Commentary on the ABC News "Junk Science" program from the Skeptic's Dictionary.

January 9, 1997. "Junk Science", an ABC special hosted by John Stossel of
                    the news magazine 20/20 was exceptional television journalism. Not only were
                    skeptical viewpoints allowed; they were featured. There was no catering to
                    paranormal prurience. There wasn't much distinction made between
                    pseudoscience and inept, faulty, incompetent or fraudulent science, but on the
                    whole the program was a refreshing alternative to the junk journalism we usually
                    get with features on Virgin Mary apparitions, UFO sightings, and tearful
                    testimonies taken as proof of causal connections.

                    The show began with a listen-in on various cosmetologists (i.e., "beauticians" or
                    "esthetic technicians") babbling on as if they were nuclear physicists, while
                    extolling the wondrous virtues of their products to prospective or actual clients.
                    But the cosmetic industry was not analyzed or evaluated. A cynic might think
                    that to do so would risk losing advertising dollars. Better to go after those who
                    don't advertise, like the government. The government took two big hits from
                    Stossel: for its program on salt and for the EPA's destruction of an entire
                    community because of dioxin contamination.

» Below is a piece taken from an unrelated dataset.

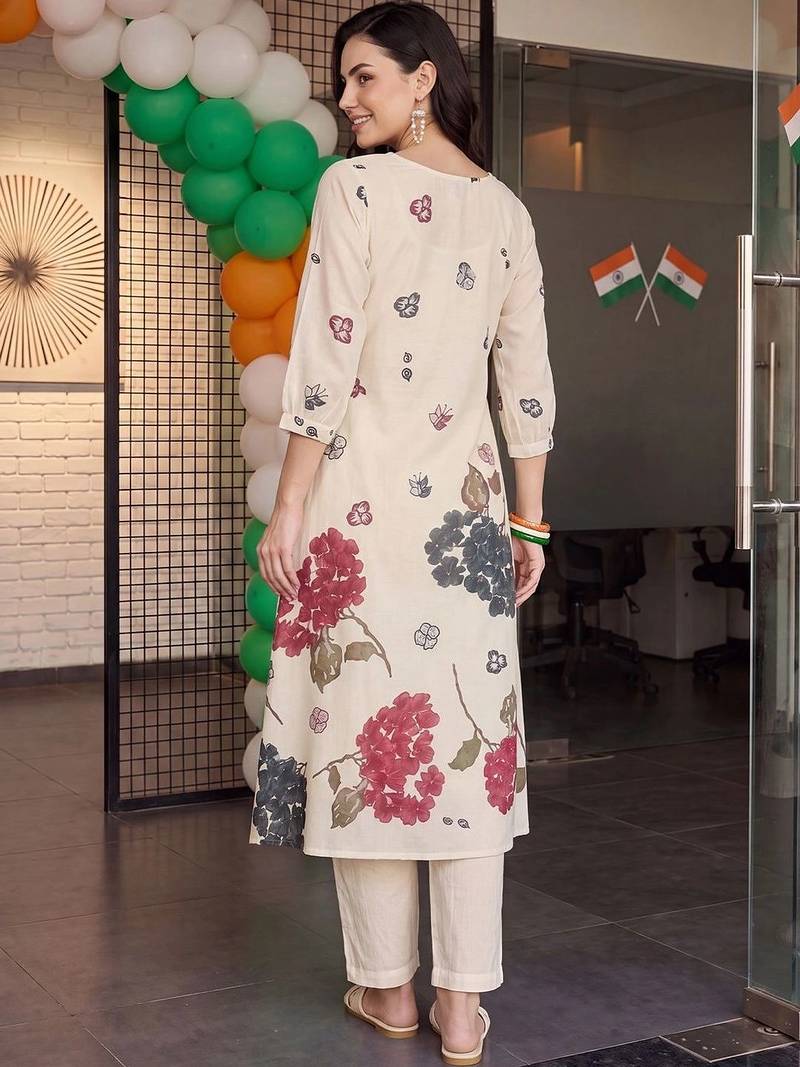 women floral printed regular cotton kurta with trousers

                    I did not know before watching "Junk Science" that my government has a
                    bureaucracy devoted to informing the public of the dangers of salt. Dr. Jeffrey
                    Cutler heads the government's salt propaganda campaign. The idea is to
                    persuade us that we should not take in more than 2,400 milligrams of salt a day.
                    Stossel lined up about a dozen experts from places like Harvard and Stanford,
                    including Dr. Michael Alderman of the American Society of Hypertension, to
                    argue that there is no evidence that reducing salt intake is good advice for the
                    general public. There are some individuals who should limit their salt intake, but
                    the evidence is lacking which would suggest that all of us should do so. In fact,
                    one study of heart attack victims found that those with the lowest salt intake
                    suffered a significantly greater number of attacks (about 4 times as many) than
                    the rest of the group.

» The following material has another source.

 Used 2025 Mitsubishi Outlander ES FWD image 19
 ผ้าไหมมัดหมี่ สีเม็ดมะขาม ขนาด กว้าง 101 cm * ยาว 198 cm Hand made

                    Our government came in for another attack when Stossel took us to a town in
                    Italy that had had a major dioxin catastrophe twenty years ago: a plant blew up
                    or something like that and there was major contamination of the town and the
                    people. There is evidence that dioxin does all kinds of bad things to rats and
                    mice and other animals. There is not much evidence that it does the same kinds
                    of things to humans. For example, no studies have shown that workers who
                    were in contact with dioxin for years run any greater risks for disease or death
                    than comparable groups not working with dioxin. The Italians buried the debris,
                    including the remains of the plant, and built a park over the buried contaminated
                    debris. They don't seem to be any the worse for their action. On the contrary,
                    when dioxin contamination entered the town of Times Beach, Missouri, the
                    EPA destroyed and buried the whole town and displaced the 2,000 residents,
                    forbidding them to re-enter their homes. The cost has run to over $100 million
                    for the exercise in environmental destruction by the EPA. The Italian
                    contamination was 10,000 times greater than the one in Missouri, yet William
                    Farland, Ph.D., of the EPA defends the operation and appeals to scientific
                    studies which indicate the dangers of dioxin to humans. There is no doubt he
                    could line up "experts" to back up his claim. [update: May 17, 2000. Dioxin
                    danger may be greater than originally thought.]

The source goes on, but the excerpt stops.